→ Exercise details: Please restate, exactly, only the lines from the beginning of the listing below through the line containing "Libro De Educativo", with the pictures left out.

→ Data in this exercise:
===

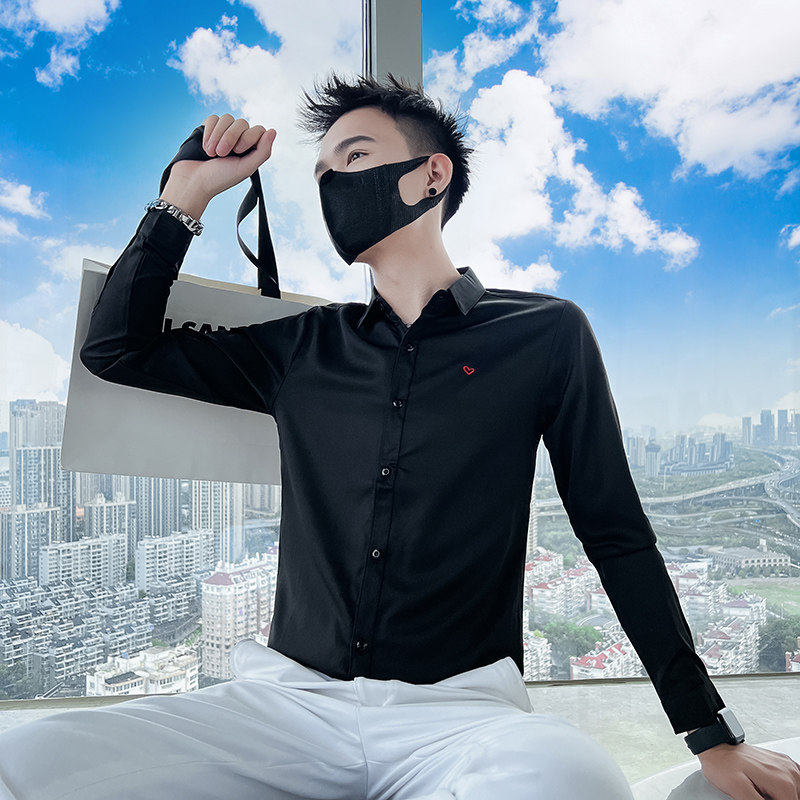714A-D16P45控65/社会小伙2025春男士修身爱心刺绣衬衫礼服衬衣,男装衬衫,星座714A（原电商C314）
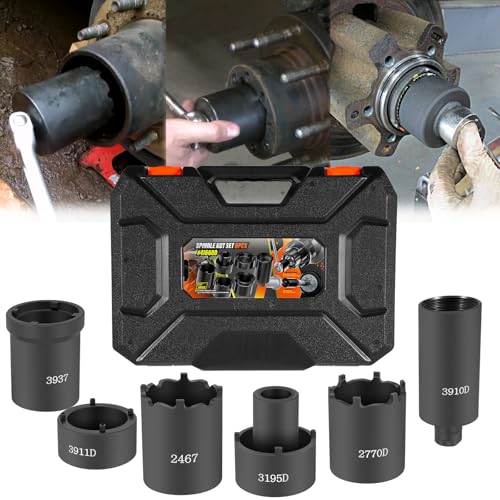 Sunluway 6 Pcs Spindle Nut Socket Set 41660D 4WD Axle Hub Lock Nut Socket Spindle Remover 1/2” Drive for Ford F250 F350 Dana 44/50/60, Toyota, GM Chevy, and Dodge, Lug Out Spindle Nut Socket Set
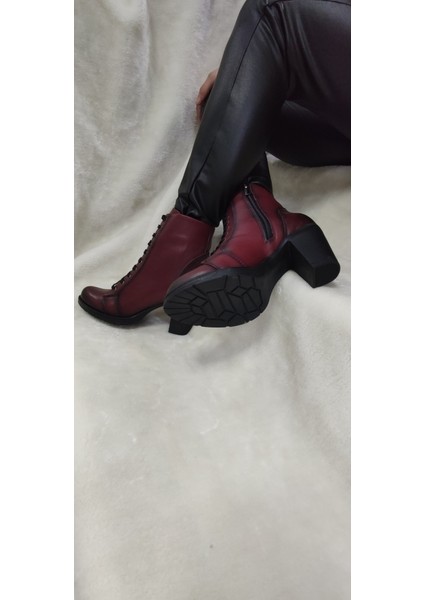 Çiğdem Grçke Deri Bordo Bağlı Topuklu Kadın Bot (Ldywst B5) - Bordo - 36 - ST01423-BORDO-36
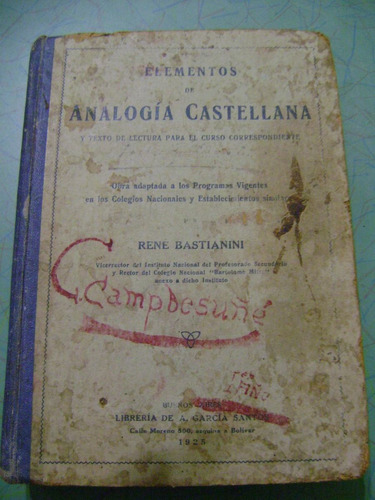 Libro De Educativo De Elementos De Analogia Castellana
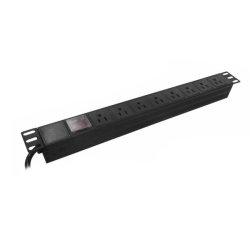 SYNCSYSTEM Ssys-Pd8-Fpl-1U 8 Outlets Power Distribution Unit for Server Cabinet, 1U In Black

===

→ Task result:
714A-D16P45控65/社会小伙2025春男士修身爱心刺绣衬衫礼服衬衣,男装衬衫,星座714A（原电商C314）
 Sunluway 6 Pcs Spindle Nut Socket Set 41660D 4WD Axle Hub Lock Nut Socket Spindle Remover 1/2” Drive for Ford F250 F350 Dana 44/50/60, Toyota, GM Chevy, and Dodge, Lug Out Spindle Nut Socket Set
 Çiğdem Grçke Deri Bordo Bağlı Topuklu Kadın Bot (Ldywst B5) - Bordo - 36 - ST01423-BORDO-36
 Libro De Educativo De Elementos De Analogia Castellana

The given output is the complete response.